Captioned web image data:
<<<<
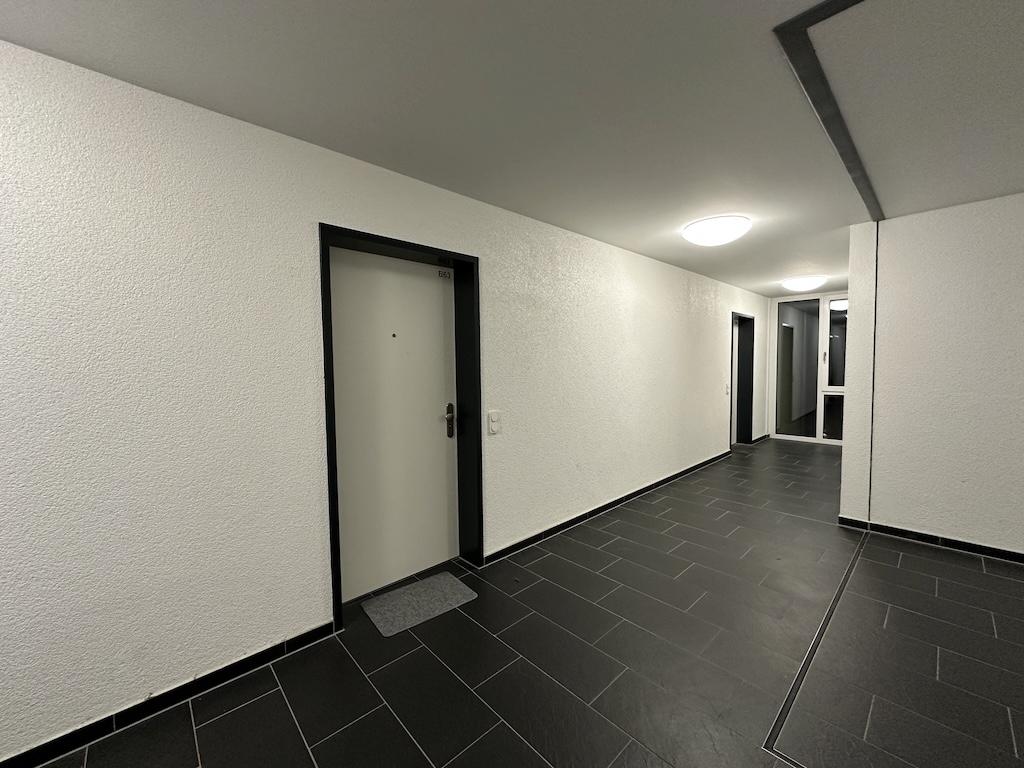 Wohnungseingangstür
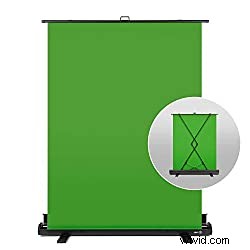 Best Green Screen Backdrops for Video Production (All Budgets) 2022 Guide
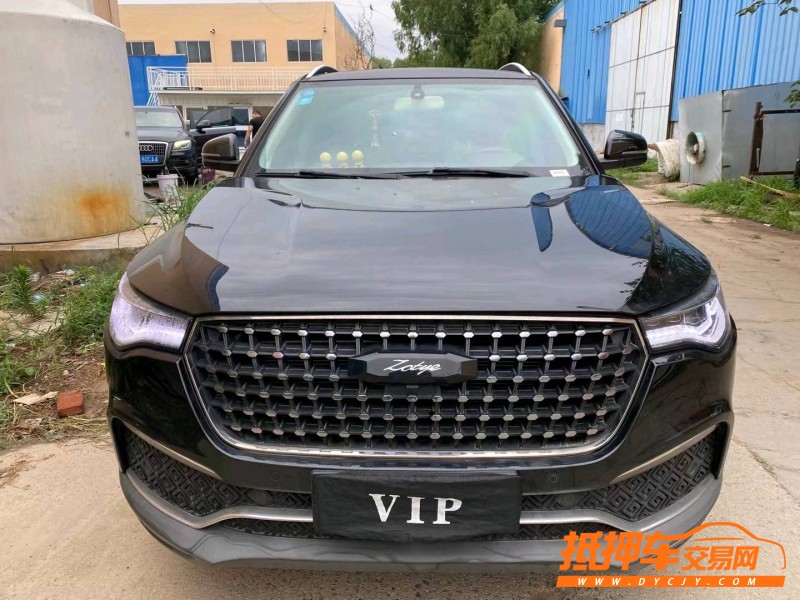 潍坊19年众泰T7009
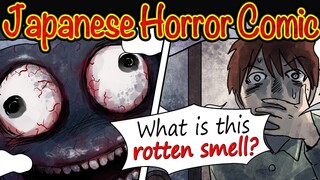 【Japanese Comic】Night at a Clinic【Horror Manga】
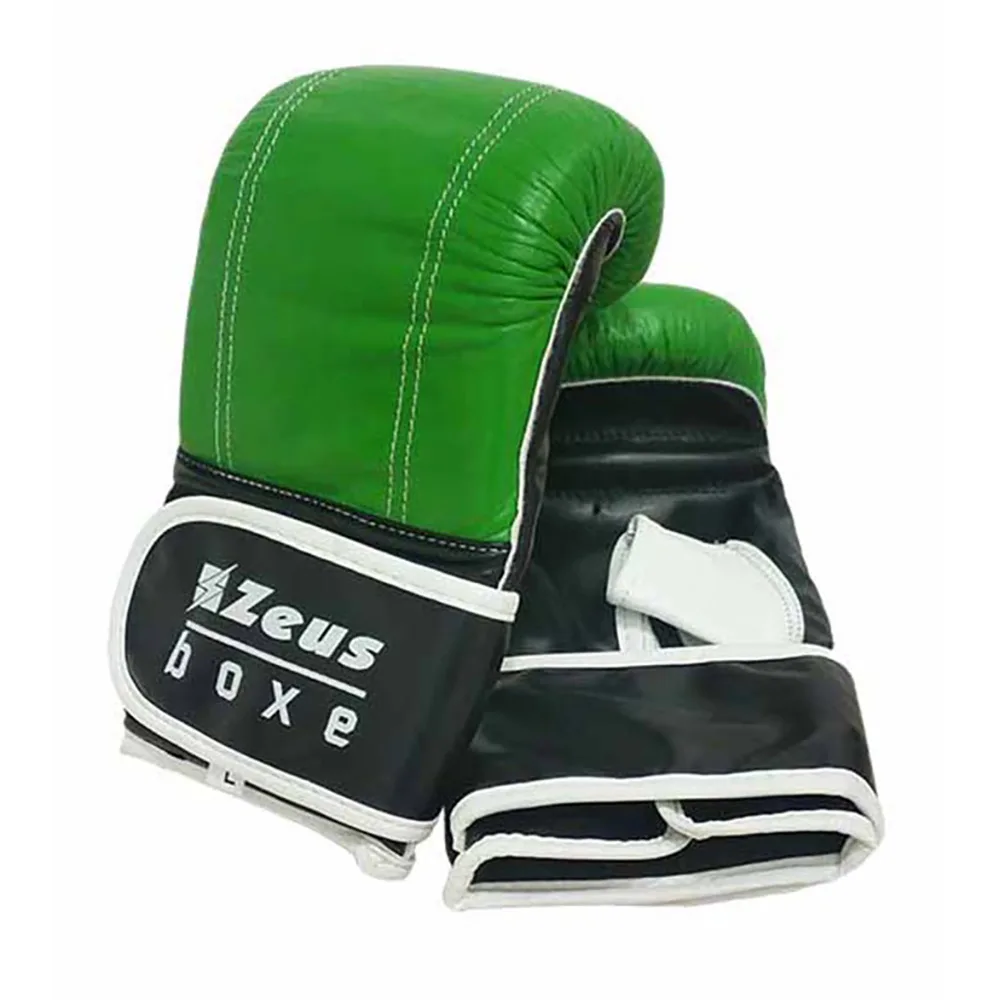 Manusi box Zeus Training, Verde - imagine 1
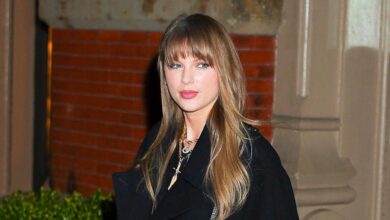 La rutina de relajación de Taylor Swift para combatir el agotamiento físico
>>>>
Your task:
An exact, image-free transcription of all the records above is needed.

Task output:
 Wohnungseingangstür
 Best Green Screen Backdrops for Video Production (All Budgets) 2022 Guide
 潍坊19年众泰T7009
 【Japanese Comic】Night at a Clinic【Horror Manga】
 Manusi box Zeus Training, Verde - imagine 1
 La rutina de relajación de Taylor Swift para combatir el agotamiento físico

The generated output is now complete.